Exercise » Only one stretch of the material below is wanted: everything from the line containing "Desk Mats: LGBTQ Pride Lite Pink" down to the line containing "Mars Gaming MARMPRO2", both ends included. Repeat it exactly and skip the pictures.

Exercise data »
---*---
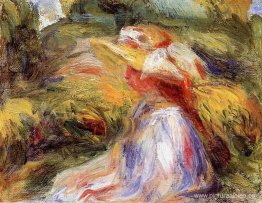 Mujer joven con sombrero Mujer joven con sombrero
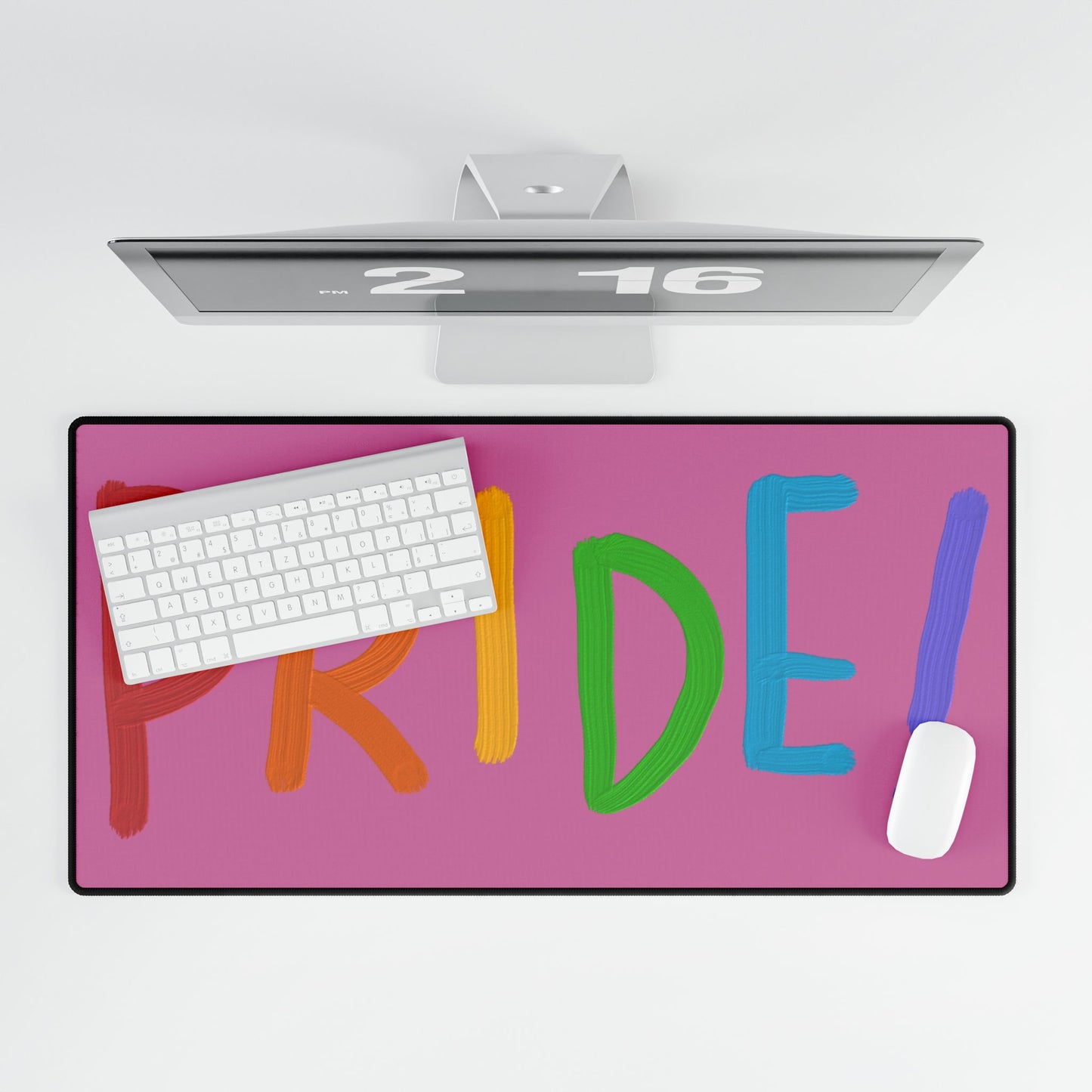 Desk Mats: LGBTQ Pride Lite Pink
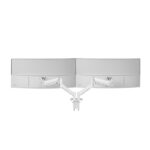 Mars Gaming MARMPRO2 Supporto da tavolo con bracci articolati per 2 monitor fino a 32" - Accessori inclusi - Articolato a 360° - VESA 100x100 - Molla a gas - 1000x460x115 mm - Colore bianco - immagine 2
---*---
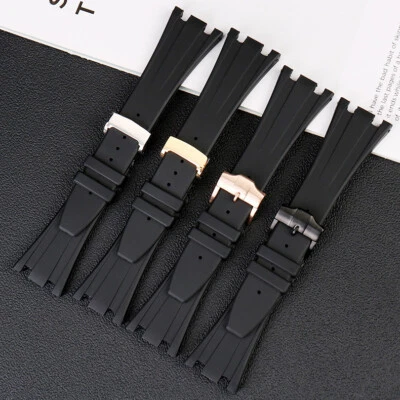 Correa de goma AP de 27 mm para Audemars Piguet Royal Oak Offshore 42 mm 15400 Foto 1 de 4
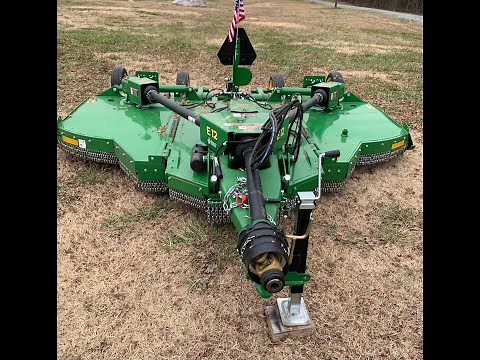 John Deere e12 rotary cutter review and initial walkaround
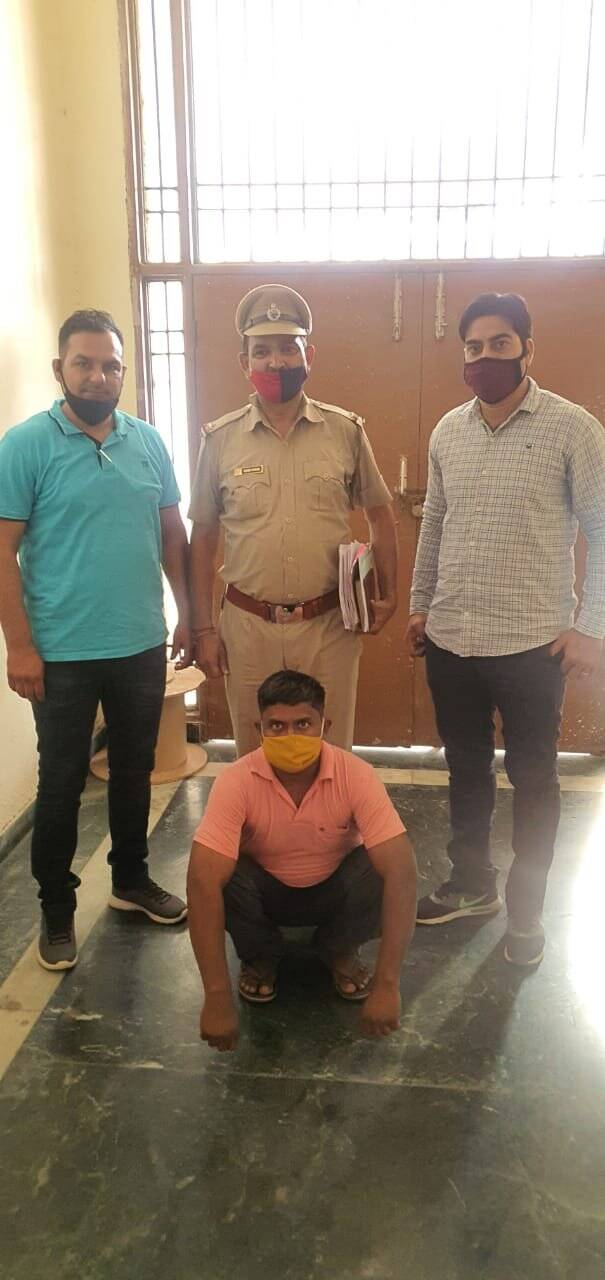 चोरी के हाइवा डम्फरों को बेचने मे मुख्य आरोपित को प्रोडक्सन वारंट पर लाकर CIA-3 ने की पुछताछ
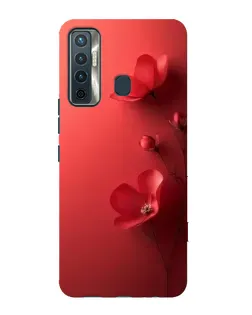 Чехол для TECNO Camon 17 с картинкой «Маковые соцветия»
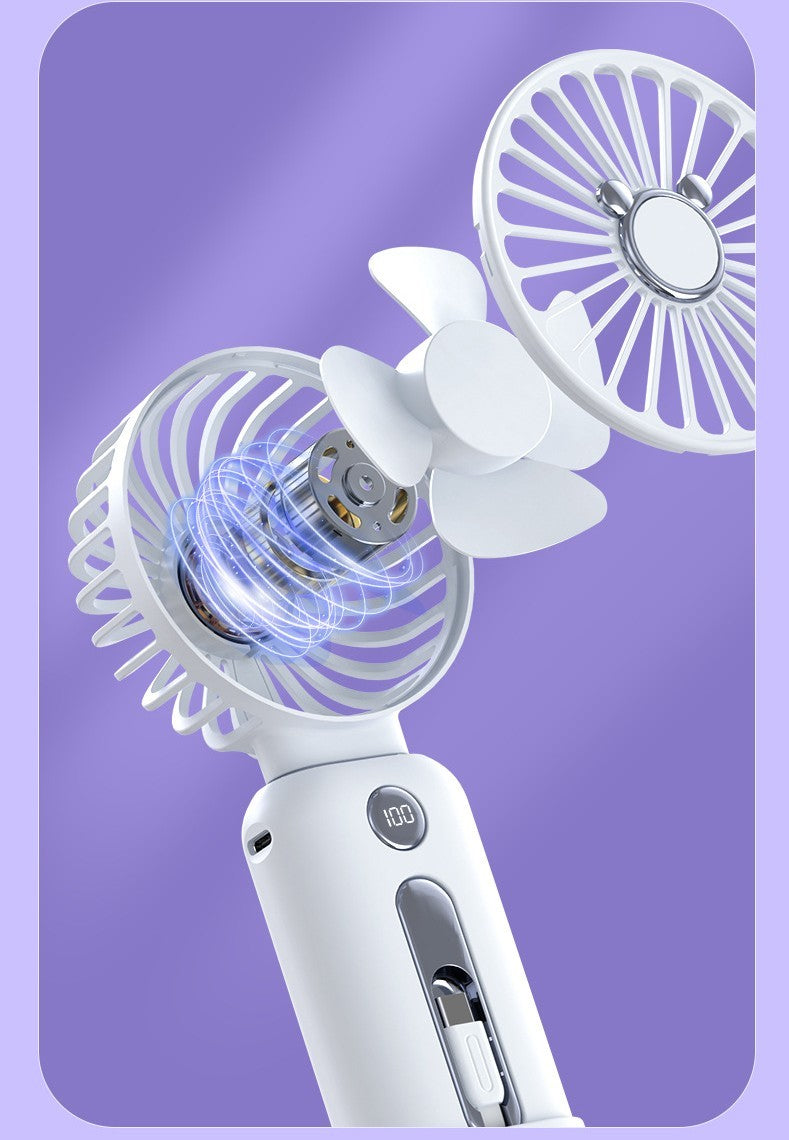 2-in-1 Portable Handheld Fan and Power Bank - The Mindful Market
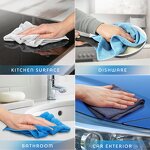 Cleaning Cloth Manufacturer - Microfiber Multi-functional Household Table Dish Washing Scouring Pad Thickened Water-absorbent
---*---
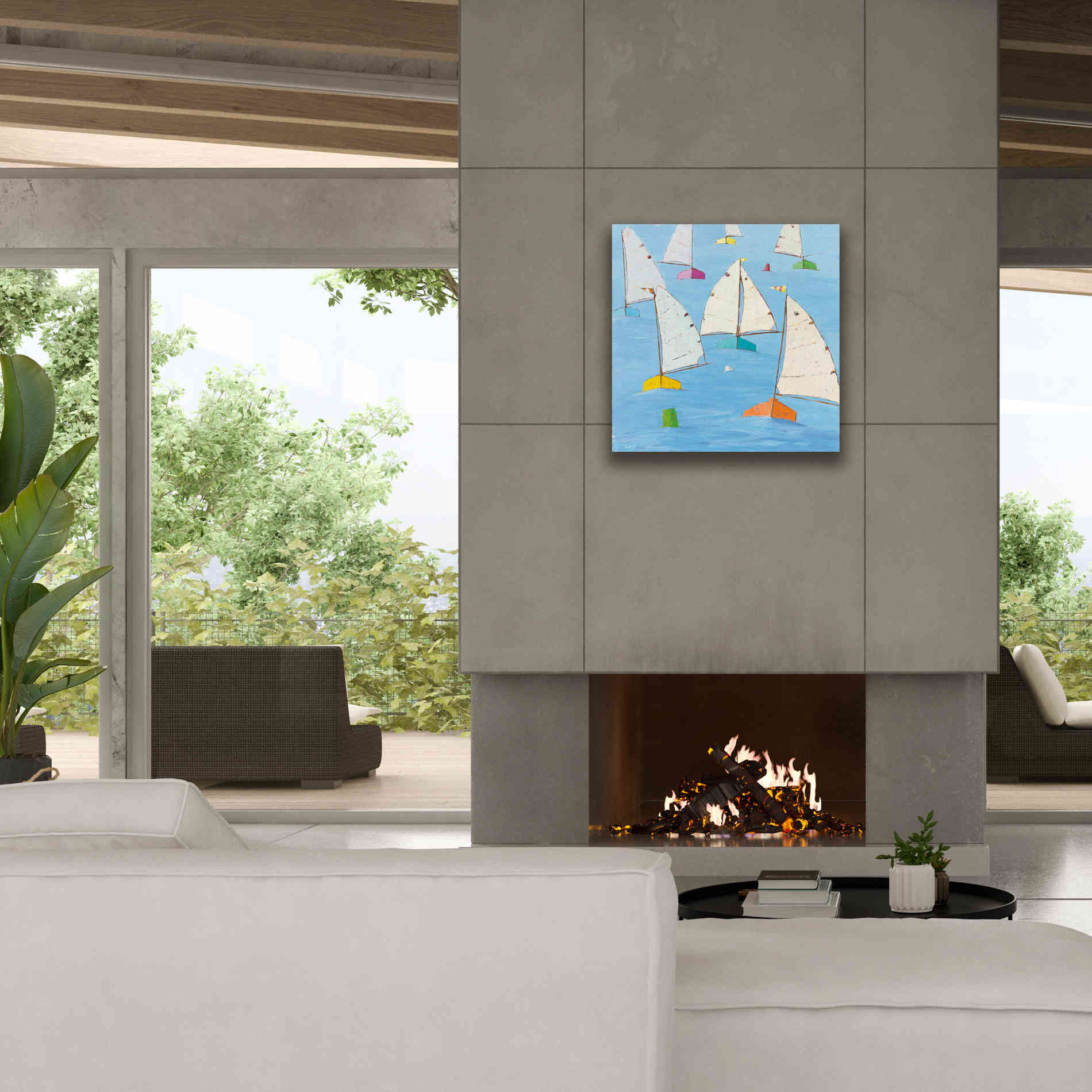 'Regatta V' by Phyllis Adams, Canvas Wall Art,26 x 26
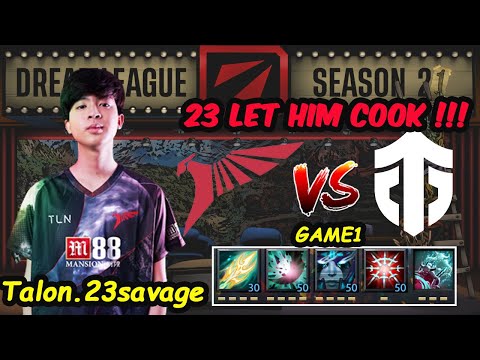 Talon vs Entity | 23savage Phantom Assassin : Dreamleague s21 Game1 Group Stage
---*---
Solution for this task »
 Desk Mats: LGBTQ Pride Lite Pink
 Mars Gaming MARMPRO2 Supporto da tavolo con bracci articolati per 2 monitor fino a 32" - Accessori inclusi - Articolato a 360° - VESA 100x100 - Molla a gas - 1000x460x115 mm - Colore bianco - immagine 2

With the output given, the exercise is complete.